━━━ Extracted entries ━━━

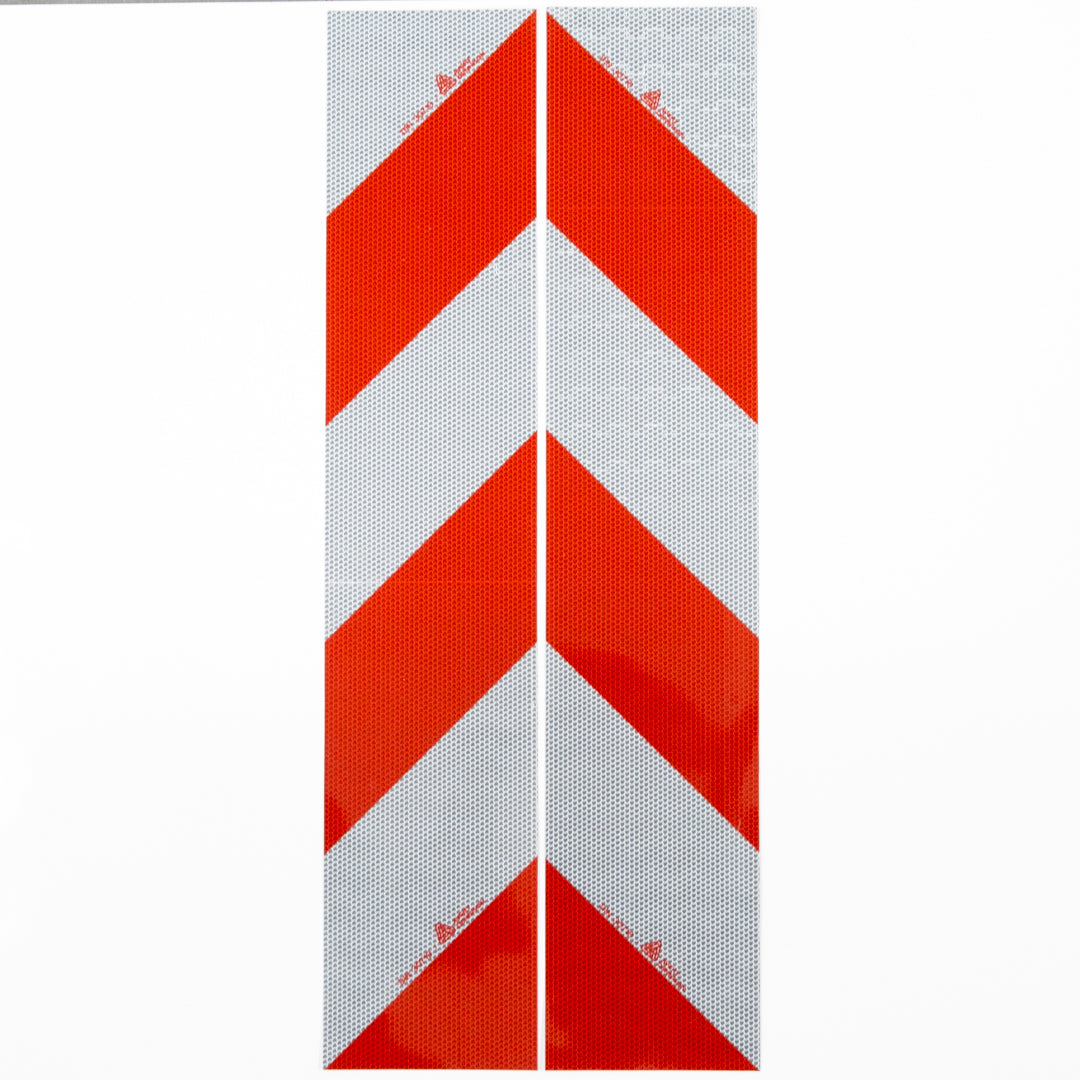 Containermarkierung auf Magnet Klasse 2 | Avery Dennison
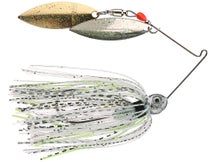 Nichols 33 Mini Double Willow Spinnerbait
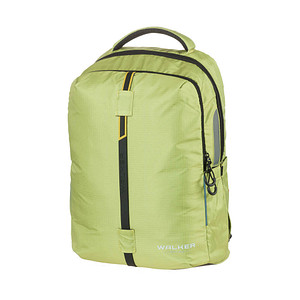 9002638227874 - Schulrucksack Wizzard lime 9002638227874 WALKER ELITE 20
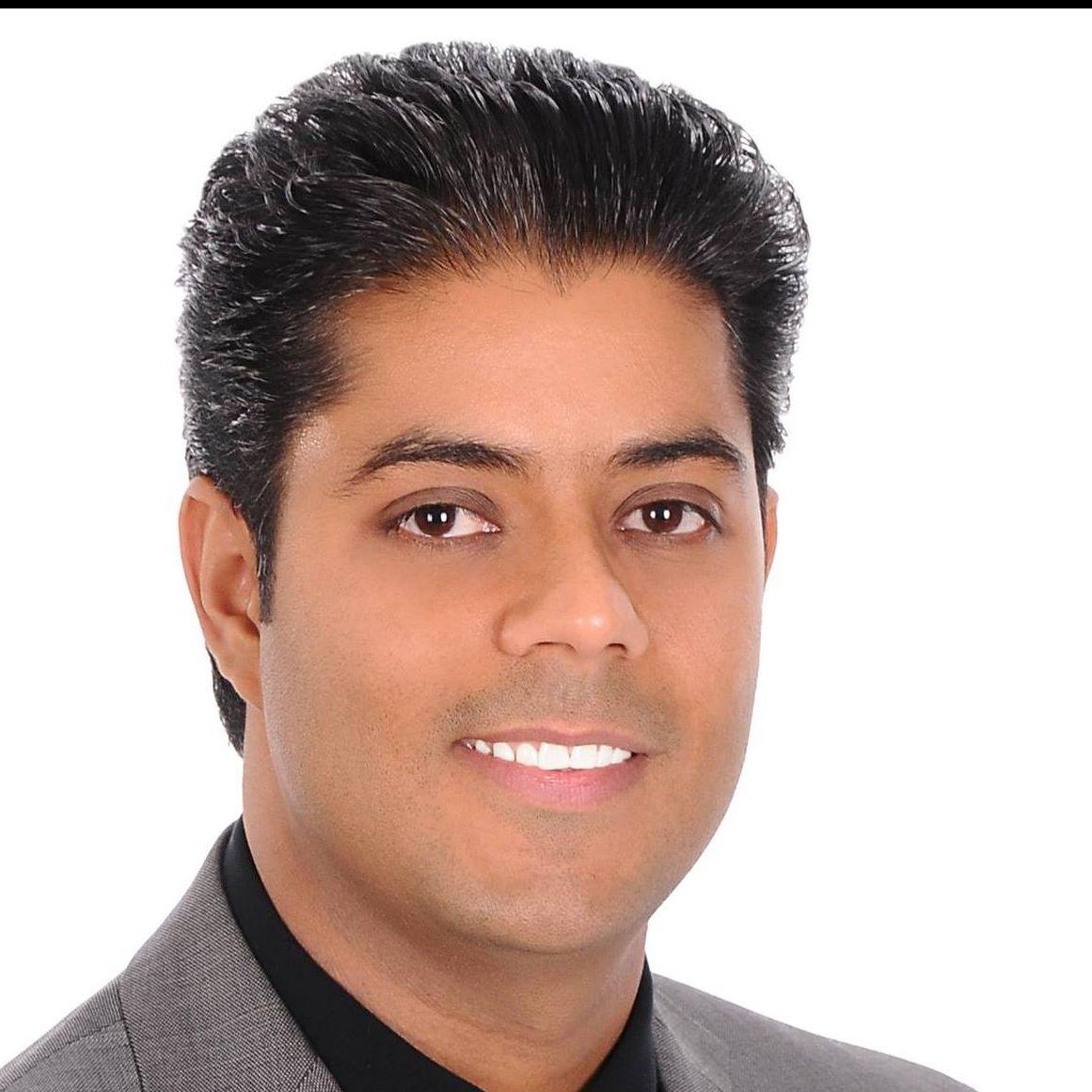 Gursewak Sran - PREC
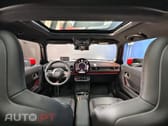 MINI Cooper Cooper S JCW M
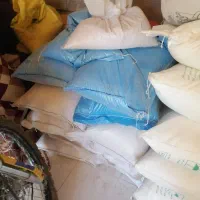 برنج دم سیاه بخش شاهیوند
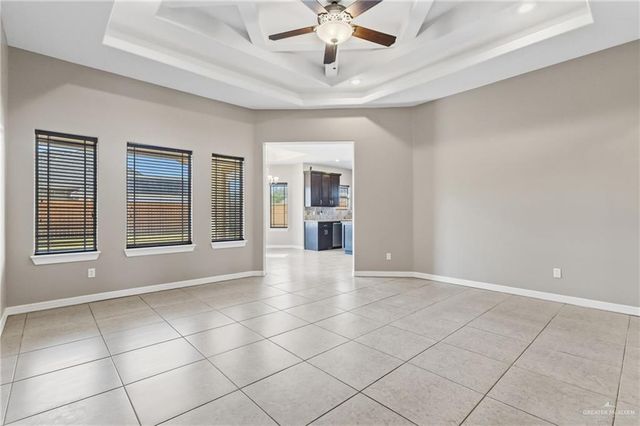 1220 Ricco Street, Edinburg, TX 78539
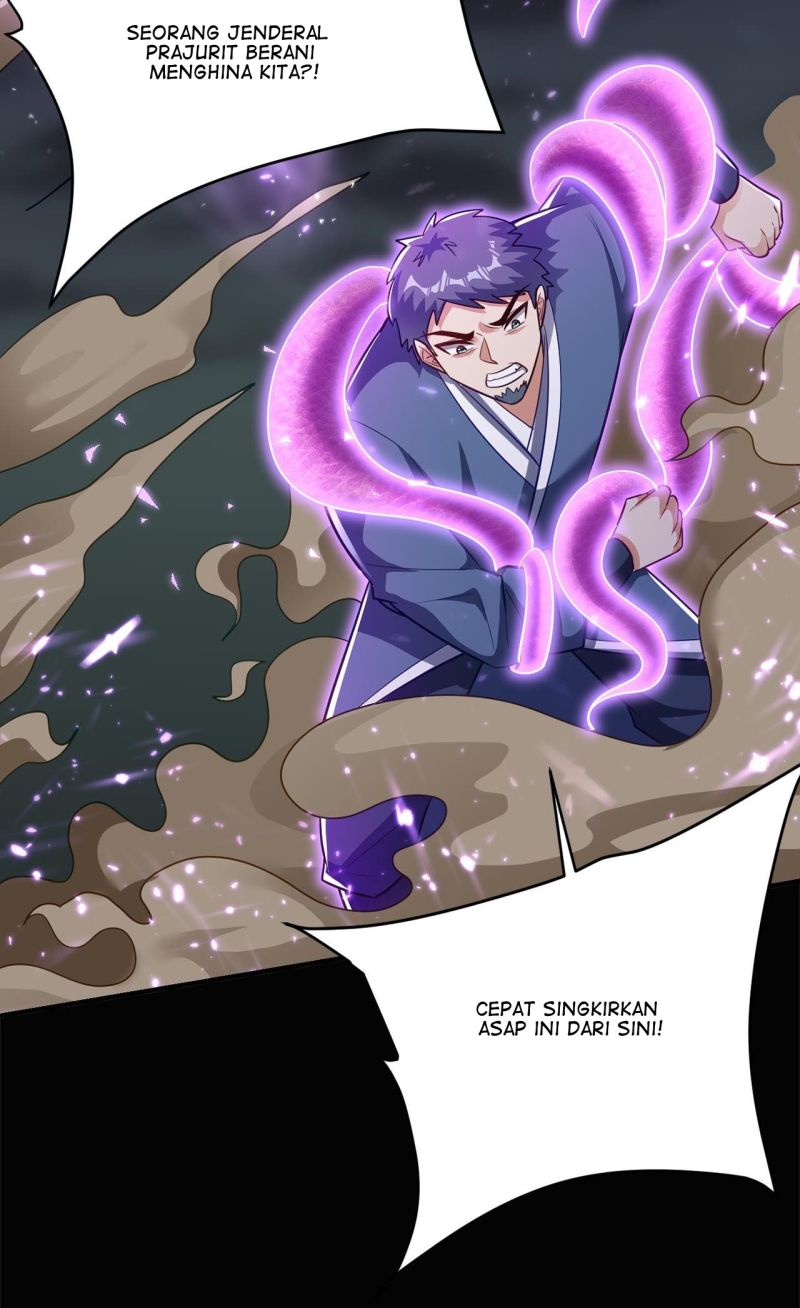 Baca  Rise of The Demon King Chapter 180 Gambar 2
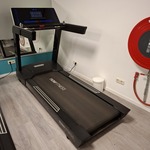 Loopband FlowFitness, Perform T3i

━━━

* Requirement
Only the text of the records belongs in the answer, printed exactly and without pictures.

* Solution to this exercise
 Containermarkierung auf Magnet Klasse 2 | Avery Dennison
 Nichols 33 Mini Double Willow Spinnerbait
 9002638227874 - Schulrucksack Wizzard lime 9002638227874 WALKER ELITE 20
 Gursewak Sran - PREC
 MINI Cooper Cooper S JCW M
 برنج دم سیاه بخش شاهیوند
 1220 Ricco Street, Edinburg, TX 78539
 Baca  Rise of The Demon King Chapter 180 Gambar 2
 Loopband FlowFitness, Perform T3i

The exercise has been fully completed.